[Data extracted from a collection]
*** Begin section ***
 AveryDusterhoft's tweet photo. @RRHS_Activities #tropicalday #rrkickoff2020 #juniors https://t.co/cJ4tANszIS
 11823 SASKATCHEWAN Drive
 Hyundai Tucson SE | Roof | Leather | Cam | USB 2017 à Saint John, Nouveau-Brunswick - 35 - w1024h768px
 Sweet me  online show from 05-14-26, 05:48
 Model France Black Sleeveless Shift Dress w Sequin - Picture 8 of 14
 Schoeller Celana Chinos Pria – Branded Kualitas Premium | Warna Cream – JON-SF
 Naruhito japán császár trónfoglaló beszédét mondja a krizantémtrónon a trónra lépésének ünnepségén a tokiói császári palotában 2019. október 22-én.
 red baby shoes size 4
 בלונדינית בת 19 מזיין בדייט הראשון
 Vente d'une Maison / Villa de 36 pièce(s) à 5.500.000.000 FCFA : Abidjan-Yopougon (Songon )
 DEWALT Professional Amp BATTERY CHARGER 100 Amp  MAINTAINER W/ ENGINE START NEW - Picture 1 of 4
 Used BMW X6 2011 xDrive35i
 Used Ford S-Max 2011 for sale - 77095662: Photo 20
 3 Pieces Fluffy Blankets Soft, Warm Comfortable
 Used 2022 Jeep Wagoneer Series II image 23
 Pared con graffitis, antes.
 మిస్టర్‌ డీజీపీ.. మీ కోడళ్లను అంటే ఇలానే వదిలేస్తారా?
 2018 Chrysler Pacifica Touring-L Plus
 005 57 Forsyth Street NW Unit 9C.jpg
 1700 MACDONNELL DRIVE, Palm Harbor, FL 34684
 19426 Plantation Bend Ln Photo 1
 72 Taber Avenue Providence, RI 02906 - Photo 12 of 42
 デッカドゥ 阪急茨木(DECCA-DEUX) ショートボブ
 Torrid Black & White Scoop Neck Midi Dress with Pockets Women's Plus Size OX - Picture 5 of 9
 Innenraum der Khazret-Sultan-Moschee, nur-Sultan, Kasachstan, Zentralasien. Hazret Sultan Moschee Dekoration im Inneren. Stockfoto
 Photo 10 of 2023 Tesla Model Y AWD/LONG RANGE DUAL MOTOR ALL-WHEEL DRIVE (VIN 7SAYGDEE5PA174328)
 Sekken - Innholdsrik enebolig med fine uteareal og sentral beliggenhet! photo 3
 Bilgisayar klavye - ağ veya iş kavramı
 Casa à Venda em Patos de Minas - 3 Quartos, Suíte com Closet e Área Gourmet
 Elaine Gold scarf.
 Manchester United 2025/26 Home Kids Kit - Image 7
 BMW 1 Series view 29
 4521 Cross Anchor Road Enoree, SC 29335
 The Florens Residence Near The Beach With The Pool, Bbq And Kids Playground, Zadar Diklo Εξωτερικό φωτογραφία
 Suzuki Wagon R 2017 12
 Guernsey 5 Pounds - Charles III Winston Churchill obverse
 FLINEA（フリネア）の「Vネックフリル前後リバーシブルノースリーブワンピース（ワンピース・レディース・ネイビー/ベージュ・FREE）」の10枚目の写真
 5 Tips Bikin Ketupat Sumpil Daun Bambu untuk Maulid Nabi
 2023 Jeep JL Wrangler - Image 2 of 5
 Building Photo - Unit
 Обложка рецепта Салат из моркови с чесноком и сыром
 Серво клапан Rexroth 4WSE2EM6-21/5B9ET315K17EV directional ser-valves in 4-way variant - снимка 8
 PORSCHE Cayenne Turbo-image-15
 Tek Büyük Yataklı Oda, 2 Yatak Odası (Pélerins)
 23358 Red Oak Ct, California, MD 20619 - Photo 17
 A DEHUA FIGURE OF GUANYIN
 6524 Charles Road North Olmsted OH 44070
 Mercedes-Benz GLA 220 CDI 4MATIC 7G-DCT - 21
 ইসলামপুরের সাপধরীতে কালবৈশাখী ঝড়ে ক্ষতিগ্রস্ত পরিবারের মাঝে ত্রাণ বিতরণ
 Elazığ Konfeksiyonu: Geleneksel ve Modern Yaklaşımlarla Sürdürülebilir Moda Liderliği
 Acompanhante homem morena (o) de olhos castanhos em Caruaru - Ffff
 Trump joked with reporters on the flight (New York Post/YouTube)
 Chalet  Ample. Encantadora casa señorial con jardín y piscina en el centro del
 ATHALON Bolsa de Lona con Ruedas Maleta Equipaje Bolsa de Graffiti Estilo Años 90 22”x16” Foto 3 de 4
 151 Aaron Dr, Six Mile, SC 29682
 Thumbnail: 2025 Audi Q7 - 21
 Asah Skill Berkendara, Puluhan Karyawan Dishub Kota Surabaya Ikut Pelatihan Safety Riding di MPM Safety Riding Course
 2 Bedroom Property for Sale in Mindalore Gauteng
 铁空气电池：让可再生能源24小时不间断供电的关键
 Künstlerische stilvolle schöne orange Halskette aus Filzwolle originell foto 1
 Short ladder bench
*** End section ***
Starting at the line above that contains "72 Taber Avenue", repeat each line exactly up to and including the line that contains "Mercedes-Benz GLA 220 CDI 4MATIC 7G-DCT - 21", and stop there.

Response area –
 72 Taber Avenue Providence, RI 02906 - Photo 12 of 42
 デッカドゥ 阪急茨木(DECCA-DEUX) ショートボブ
 Torrid Black & White Scoop Neck Midi Dress with Pockets Women's Plus Size OX - Picture 5 of 9
 Innenraum der Khazret-Sultan-Moschee, nur-Sultan, Kasachstan, Zentralasien. Hazret Sultan Moschee Dekoration im Inneren. Stockfoto
 Photo 10 of 2023 Tesla Model Y AWD/LONG RANGE DUAL MOTOR ALL-WHEEL DRIVE (VIN 7SAYGDEE5PA174328)
 Sekken - Innholdsrik enebolig med fine uteareal og sentral beliggenhet! photo 3
 Bilgisayar klavye - ağ veya iş kavramı
 Casa à Venda em Patos de Minas - 3 Quartos, Suíte com Closet e Área Gourmet
 Elaine Gold scarf.
 Manchester United 2025/26 Home Kids Kit - Image 7
 BMW 1 Series view 29
 4521 Cross Anchor Road Enoree, SC 29335
 The Florens Residence Near The Beach With The Pool, Bbq And Kids Playground, Zadar Diklo Εξωτερικό φωτογραφία
 Suzuki Wagon R 2017 12
 Guernsey 5 Pounds - Charles III Winston Churchill obverse
 FLINEA（フリネア）の「Vネックフリル前後リバーシブルノースリーブワンピース（ワンピース・レディース・ネイビー/ベージュ・FREE）」の10枚目の写真
 5 Tips Bikin Ketupat Sumpil Daun Bambu untuk Maulid Nabi
 2023 Jeep JL Wrangler - Image 2 of 5
 Building Photo - Unit
 Обложка рецепта Салат из моркови с чесноком и сыром
 Серво клапан Rexroth 4WSE2EM6-21/5B9ET315K17EV directional ser-valves in 4-way variant - снимка 8
 PORSCHE Cayenne Turbo-image-15
 Tek Büyük Yataklı Oda, 2 Yatak Odası (Pélerins)
 23358 Red Oak Ct, California, MD 20619 - Photo 17
 A DEHUA FIGURE OF GUANYIN
 6524 Charles Road North Olmsted OH 44070
 Mercedes-Benz GLA 220 CDI 4MATIC 7G-DCT - 21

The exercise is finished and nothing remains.